Across the denominational spectrum a remarkable range of specialized ministries offer family-life education. Seventh-day Adventist family ministry has much in common with the work of other Christian groups.

But do Adventists bring to family ministry anything unique or distinctive?

The great controversy motif places Christian beliefs in a cosmic perspective. Adventist family ministry is distinctive because it sees family life issues as playing a role in the cosmic struggle between good and evil.  For Adventists, family ministry has eschatological significance and urgency, and it offers fresh and effective strategies for the Global Mission of the Seventh-day Adventist Church.


Adventist family ministry and the great controversy

The great controversy perspective brings God's concern for good relationships into sharp focus. Yahweh is a God of good relationships whose character is expressed in heaven's way of interrelating.
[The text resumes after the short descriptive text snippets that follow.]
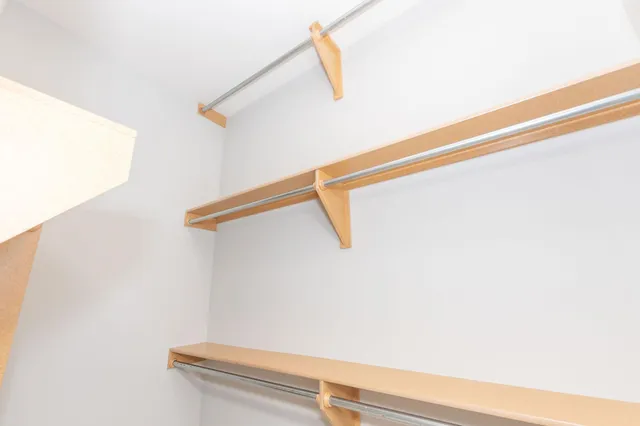 $409,854 | 710 South Clear Creek Street, Wichita, KS 67230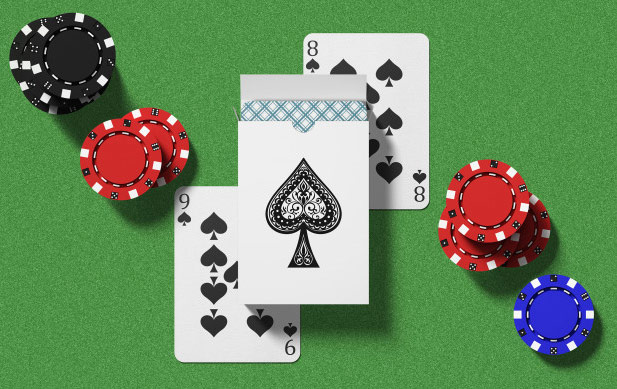 Teenpatti game development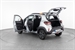 DACIA SPRING ELECTRIC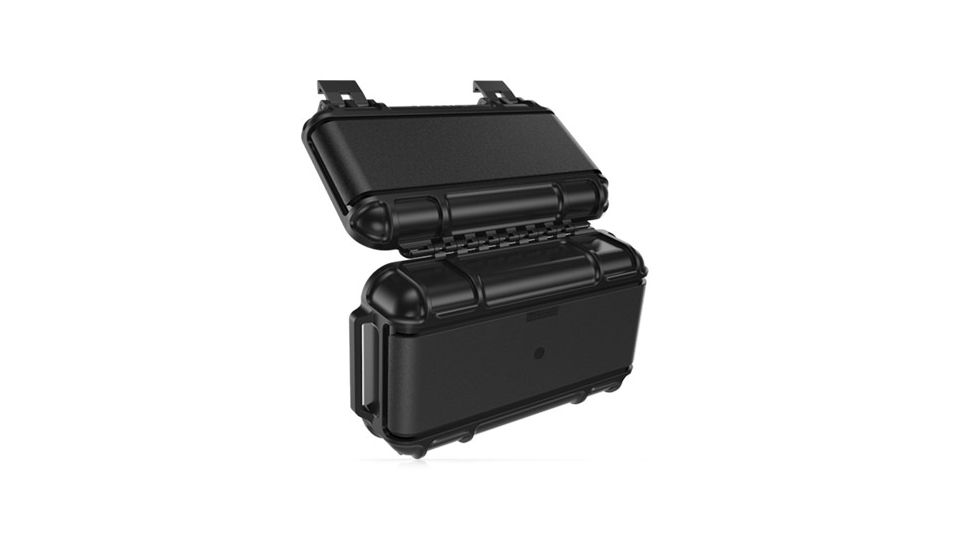 Otterbox Drybox 3250 Series, Black 77-54442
When Lucifer rebelled, he fractured relationships in heaven, and the greatest divorce of all time took place.

At Creation, the Sabbath and marriage provided a dual framework for human relationships. The Sabbath gave priority, structure, and protection to the way humans related to God. Marriage gave the primary human-to-human relationship that kept other relationships in correct alignment.

When Adam and Eve sinned, all their relationships were damaged. They hid from God because they felt alienated from Him. They felt alienated from each other and fought round one of the war between the sexes.

Sin undercut both relationships—Sabbath and marriage. God's plan of redemption, explained to Adam and Eve after the Fall, was designed to restore harmonious relationships—with both God and each other. At Sinai God gave the written law as a guide to good relationships. The first four commandments govern the relationship with God, and the last six direct human relationships. Jesus summarized the two parts: "Love the Lord your God with all your heart... soul and... mind," and "love your neighbor as yourself" (Matt. 22:36-39, NIV).

The gospel restores and empowers good relationships. Christ Himself spent much of His time teaching His followers how to have good relationships. The apostolic letters carry the same emphasis (see Gal. 5:22ff as an example).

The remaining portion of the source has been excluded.